Stored data entries
:::::
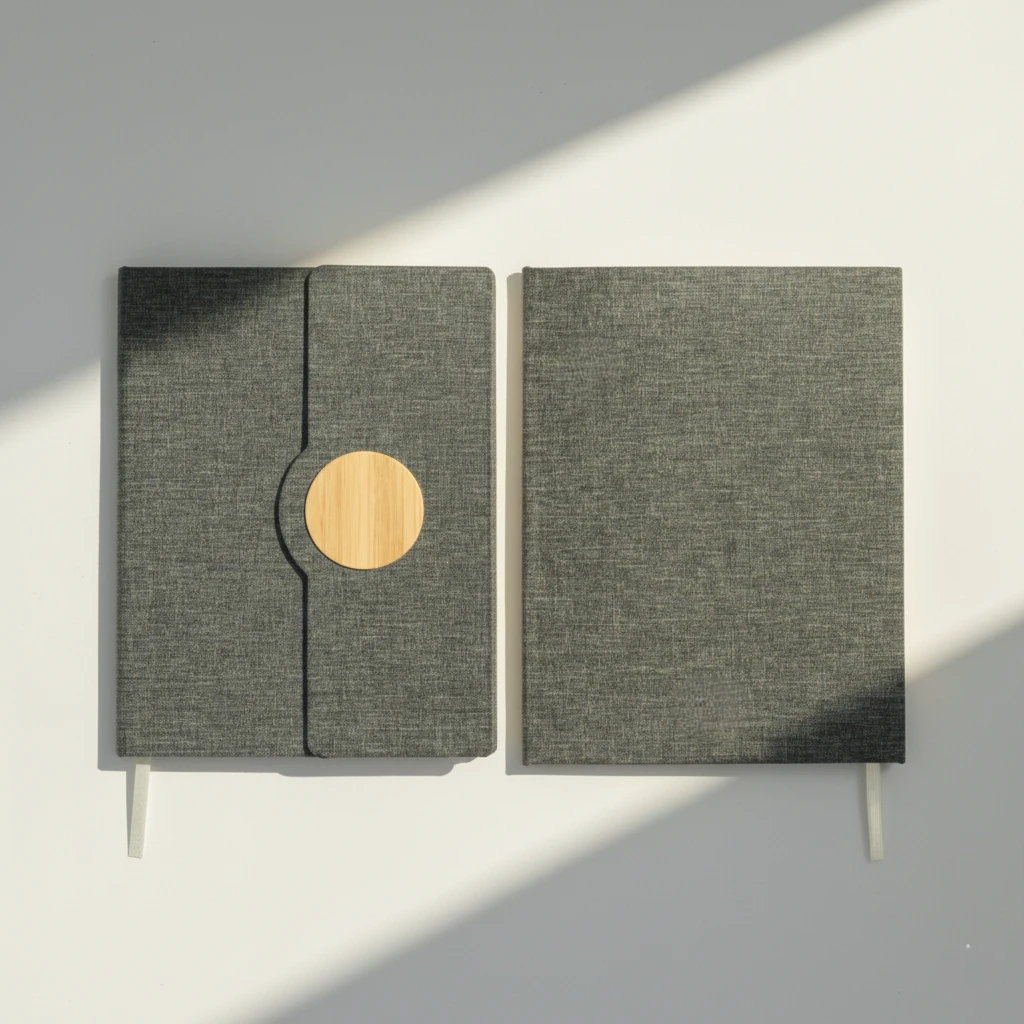 Notebooks with Bamboo & Magnetic Closure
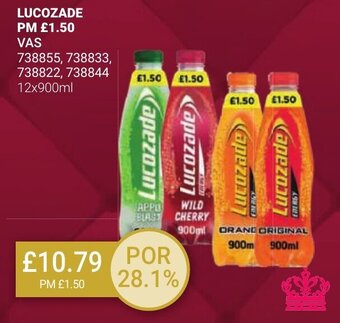 Bestway LUCOZADE 12x900ml offer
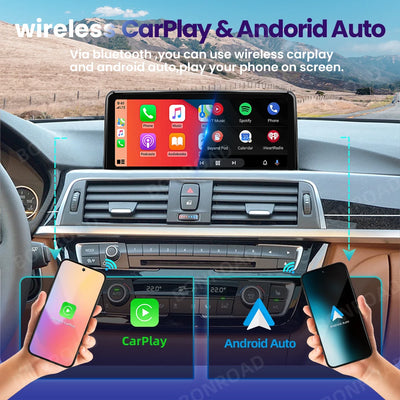 Autoradio CarPlay BMW Série 3 4 F30 F31 F33 F34 F36 - installé sur véhicule - Becquet Voiture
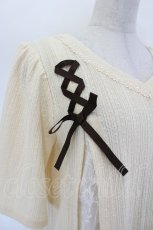 画像4: axes femme / レースアッププルオーバー  生成り I-26-07-26-006-AX-TO-TE-ZI (4)
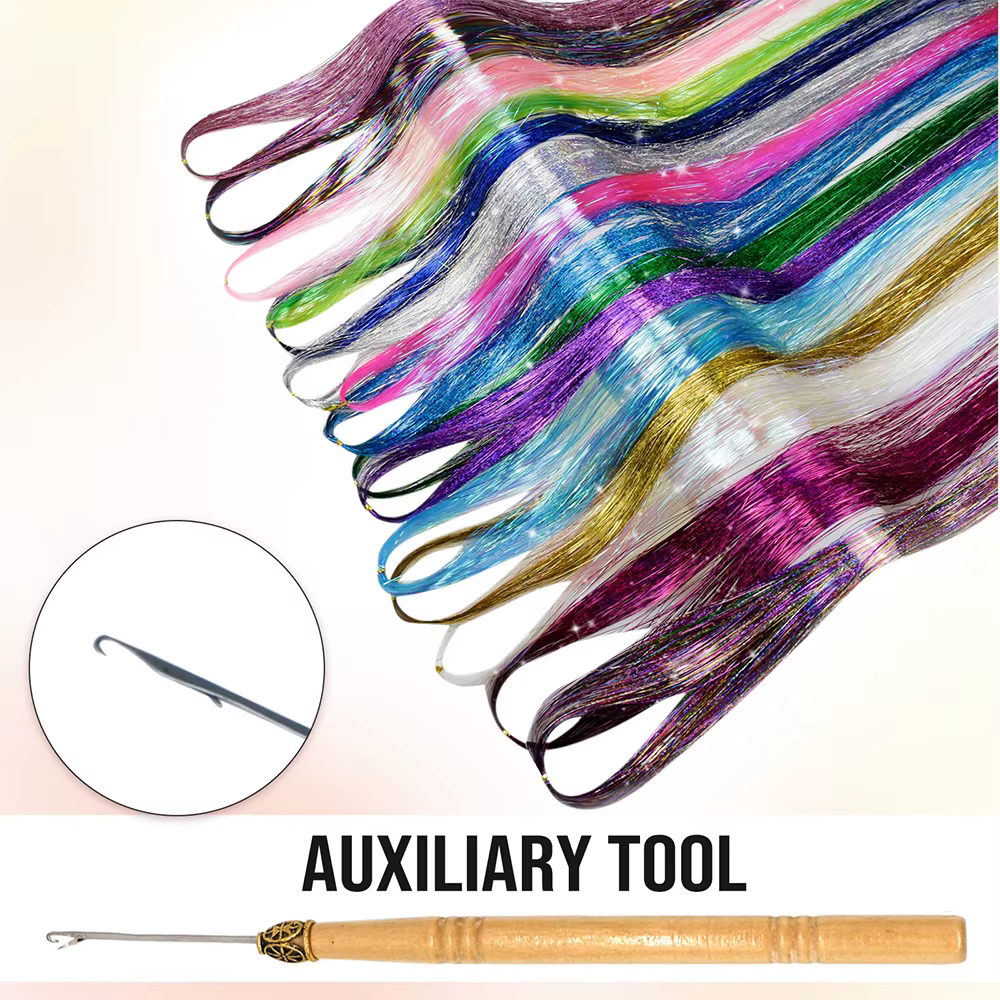 Kit de guirlandes de cheveux à paillettes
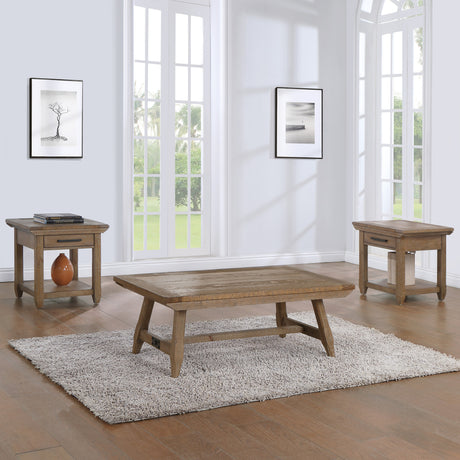 Riverdale Driftwood Coffee Table from Steve Silver - Luna Furniture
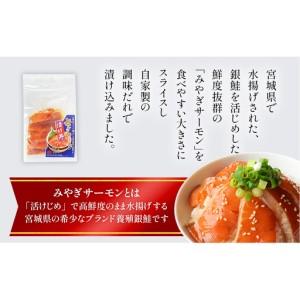 ふるさと納税 みやぎサーモン漬け丼の具セット 鮭 銀鮭 サケ 魚 お魚 海鮮 刺身 海鮮丼 海鮮 刺身 小分け 美味しい ご飯のお供 宮城県石巻市_1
:::::
# ABOUT THIS EXERCISE:
Every line from the one with "Riverdale Driftwood Coffee" through the end of the records is to be reproduced exactly, and the pictures are to be left out.

# EXERCISE RESULT:
 Riverdale Driftwood Coffee Table from Steve Silver - Luna Furniture
 ふるさと納税 みやぎサーモン漬け丼の具セット 鮭 銀鮭 サケ 魚 お魚 海鮮 刺身 海鮮丼 海鮮 刺身 小分け 美味しい ご飯のお供 宮城県石巻市_1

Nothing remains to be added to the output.